Everything from the first line of the records to the line containing "Михаил, архистратиг, 30x40x4 см, арт Ик24443", inclusive, is to be extracted exactly, and nothing more.

____________

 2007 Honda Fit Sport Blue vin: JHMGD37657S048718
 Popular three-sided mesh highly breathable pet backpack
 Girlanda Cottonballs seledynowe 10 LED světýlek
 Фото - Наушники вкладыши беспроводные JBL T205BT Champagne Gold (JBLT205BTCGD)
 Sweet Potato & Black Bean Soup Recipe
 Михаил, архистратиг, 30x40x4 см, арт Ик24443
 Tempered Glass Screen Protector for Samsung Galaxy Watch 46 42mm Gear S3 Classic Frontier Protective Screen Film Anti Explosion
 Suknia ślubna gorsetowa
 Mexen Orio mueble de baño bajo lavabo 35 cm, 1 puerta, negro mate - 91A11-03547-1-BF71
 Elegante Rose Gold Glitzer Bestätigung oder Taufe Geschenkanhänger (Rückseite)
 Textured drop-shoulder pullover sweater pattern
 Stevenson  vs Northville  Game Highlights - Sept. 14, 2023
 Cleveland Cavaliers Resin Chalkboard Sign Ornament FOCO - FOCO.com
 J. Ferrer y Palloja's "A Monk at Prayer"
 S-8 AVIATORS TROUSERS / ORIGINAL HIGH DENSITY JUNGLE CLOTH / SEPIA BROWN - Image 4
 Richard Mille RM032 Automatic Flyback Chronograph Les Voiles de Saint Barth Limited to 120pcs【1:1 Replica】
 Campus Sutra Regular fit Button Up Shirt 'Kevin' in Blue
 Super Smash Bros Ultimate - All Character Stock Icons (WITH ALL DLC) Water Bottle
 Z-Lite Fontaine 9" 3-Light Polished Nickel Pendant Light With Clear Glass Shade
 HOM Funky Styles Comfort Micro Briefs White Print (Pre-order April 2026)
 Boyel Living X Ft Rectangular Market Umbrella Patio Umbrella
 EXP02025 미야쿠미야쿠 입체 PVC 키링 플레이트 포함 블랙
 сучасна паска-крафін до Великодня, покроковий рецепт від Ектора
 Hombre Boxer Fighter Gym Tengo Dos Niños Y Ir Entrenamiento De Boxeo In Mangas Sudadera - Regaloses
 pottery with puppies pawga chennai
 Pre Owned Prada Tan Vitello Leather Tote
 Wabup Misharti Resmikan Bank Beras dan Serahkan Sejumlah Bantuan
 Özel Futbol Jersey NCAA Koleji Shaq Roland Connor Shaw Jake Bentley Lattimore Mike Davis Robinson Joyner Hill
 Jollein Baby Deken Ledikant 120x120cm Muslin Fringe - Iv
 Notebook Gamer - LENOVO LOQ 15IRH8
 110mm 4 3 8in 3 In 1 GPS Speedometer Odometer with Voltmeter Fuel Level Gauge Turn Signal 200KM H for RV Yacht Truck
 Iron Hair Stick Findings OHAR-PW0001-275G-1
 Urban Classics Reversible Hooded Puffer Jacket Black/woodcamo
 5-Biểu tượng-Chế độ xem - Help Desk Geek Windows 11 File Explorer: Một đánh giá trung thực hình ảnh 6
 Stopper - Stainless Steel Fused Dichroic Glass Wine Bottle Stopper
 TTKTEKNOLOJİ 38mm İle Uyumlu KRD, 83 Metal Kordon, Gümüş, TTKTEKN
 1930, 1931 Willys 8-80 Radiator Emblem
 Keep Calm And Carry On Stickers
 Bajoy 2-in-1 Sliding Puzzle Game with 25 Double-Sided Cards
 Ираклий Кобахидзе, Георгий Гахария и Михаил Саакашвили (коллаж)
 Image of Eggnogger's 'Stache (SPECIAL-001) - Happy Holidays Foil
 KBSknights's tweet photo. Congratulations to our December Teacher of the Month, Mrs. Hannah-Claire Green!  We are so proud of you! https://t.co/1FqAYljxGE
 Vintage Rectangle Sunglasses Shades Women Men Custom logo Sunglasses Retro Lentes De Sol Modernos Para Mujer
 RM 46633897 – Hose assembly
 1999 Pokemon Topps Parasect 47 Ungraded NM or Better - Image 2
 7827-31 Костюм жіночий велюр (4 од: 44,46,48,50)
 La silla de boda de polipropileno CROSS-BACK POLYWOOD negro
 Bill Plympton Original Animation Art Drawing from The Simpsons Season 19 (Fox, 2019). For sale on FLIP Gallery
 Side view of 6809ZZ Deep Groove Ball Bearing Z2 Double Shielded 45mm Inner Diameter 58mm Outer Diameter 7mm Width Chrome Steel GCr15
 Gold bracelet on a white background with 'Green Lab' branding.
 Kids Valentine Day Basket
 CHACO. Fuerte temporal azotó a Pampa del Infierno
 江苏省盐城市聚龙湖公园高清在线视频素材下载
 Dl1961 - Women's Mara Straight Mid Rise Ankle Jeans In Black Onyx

____________

§ **RESPONSE AREA**
 2007 Honda Fit Sport Blue vin: JHMGD37657S048718
 Popular three-sided mesh highly breathable pet backpack
 Girlanda Cottonballs seledynowe 10 LED světýlek
 Фото - Наушники вкладыши беспроводные JBL T205BT Champagne Gold (JBLT205BTCGD)
 Sweet Potato & Black Bean Soup Recipe
 Михаил, архистратиг, 30x40x4 см, арт Ик24443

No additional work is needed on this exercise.